_GIVEN INFORMATION_.
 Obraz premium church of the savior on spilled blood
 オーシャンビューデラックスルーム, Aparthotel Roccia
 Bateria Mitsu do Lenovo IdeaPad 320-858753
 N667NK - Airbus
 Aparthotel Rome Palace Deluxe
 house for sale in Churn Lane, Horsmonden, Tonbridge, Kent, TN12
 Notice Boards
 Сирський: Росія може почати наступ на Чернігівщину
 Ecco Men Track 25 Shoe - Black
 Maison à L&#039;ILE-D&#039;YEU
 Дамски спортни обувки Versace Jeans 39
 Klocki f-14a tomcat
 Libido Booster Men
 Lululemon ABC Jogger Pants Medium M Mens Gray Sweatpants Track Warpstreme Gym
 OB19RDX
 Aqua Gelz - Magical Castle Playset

_WORK REQUEST_. Search the entries for the word "Track" and copy every line that holds it.

_ANSWER BOX_.
 Ecco Men Track 25 Shoe - Black
 Lululemon ABC Jogger Pants Medium M Mens Gray Sweatpants Track Warpstreme Gym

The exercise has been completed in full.